This afternoon my wife and I went over to MOCA, where Dave Engdahl had set up a special conversation between Gustavo Godoy and members of the Northeast Florida Sculptors. Gusravo has just completed an installation in the MOCA Atrium as part of the “Project Atrium” program the new MOCA Director, Marcelle Poledrik has started.
The 30’ tall, silver painted wooden structure was really impressive – and inviting, especially since we had to sign waivers about crawling on the structure. It is named “Empty Alter/Empty Throne”.
Gustavo explained that he had been asked to participate in Project Atrium, had come to Jacksonville to check out the space and then returned home to LA to build the piece. Since it was so tall, he ended up building it as an outdoor structure with the hot sun and reflective paint adding to his sunburn. He also had only a two month deadline. He finished the structure, then had to disassemble the piece, pack it in a truck and reassemble once it arrived in Jacksonville – all 60 sub-assemblies.

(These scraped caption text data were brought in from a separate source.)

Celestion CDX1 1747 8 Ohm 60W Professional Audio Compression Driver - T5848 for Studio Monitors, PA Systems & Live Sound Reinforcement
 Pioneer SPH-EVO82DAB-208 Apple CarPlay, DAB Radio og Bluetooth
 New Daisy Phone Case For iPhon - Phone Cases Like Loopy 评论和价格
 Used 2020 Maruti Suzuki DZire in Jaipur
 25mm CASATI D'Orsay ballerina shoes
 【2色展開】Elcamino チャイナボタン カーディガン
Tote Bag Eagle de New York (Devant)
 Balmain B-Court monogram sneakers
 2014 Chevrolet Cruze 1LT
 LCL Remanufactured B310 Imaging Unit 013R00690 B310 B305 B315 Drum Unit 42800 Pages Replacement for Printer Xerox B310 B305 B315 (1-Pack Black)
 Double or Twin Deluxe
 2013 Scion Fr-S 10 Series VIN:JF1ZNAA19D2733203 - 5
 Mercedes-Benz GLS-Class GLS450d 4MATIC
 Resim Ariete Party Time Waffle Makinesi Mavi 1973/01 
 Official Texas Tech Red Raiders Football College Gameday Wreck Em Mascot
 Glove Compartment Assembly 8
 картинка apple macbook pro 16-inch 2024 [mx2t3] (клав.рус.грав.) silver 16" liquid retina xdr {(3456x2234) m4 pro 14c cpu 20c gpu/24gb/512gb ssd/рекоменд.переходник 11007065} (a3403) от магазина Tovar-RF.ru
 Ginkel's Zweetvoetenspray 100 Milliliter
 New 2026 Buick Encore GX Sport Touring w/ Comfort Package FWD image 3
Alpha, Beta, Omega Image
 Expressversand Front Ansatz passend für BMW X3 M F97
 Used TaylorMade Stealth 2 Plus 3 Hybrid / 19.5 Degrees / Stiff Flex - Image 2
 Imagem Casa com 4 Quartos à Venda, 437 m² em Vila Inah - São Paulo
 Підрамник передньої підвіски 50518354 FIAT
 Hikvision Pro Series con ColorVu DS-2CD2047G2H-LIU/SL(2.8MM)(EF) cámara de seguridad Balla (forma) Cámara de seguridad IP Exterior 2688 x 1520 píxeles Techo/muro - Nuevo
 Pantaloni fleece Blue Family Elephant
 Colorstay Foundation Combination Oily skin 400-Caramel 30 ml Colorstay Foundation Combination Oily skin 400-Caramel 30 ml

He explained his process for creating a piece like this and that each piece on the structure was deliberately chose, both for the esthetic form and for structural integrity. This si particularly important sine Gustavo like to have people interact with his work, from the inside out.
After taking a few questions from us he invited us in to the sculpture and we all climbed in.
Gustavo continued to answer our questions and give us more insight into his creative process. He is a very personable guy and was very encouraging challenging all of us to continue to push our art.
“Empty Alter/Empty Throne” will be on display at MOCA until March, after which the Museum will try to find a permanent home in Jacksonville. Thanks to Dave for setting up a great opportunity this afternoon.
As we were getting ready to leave, I had my opportunity – filling the Empty Throne.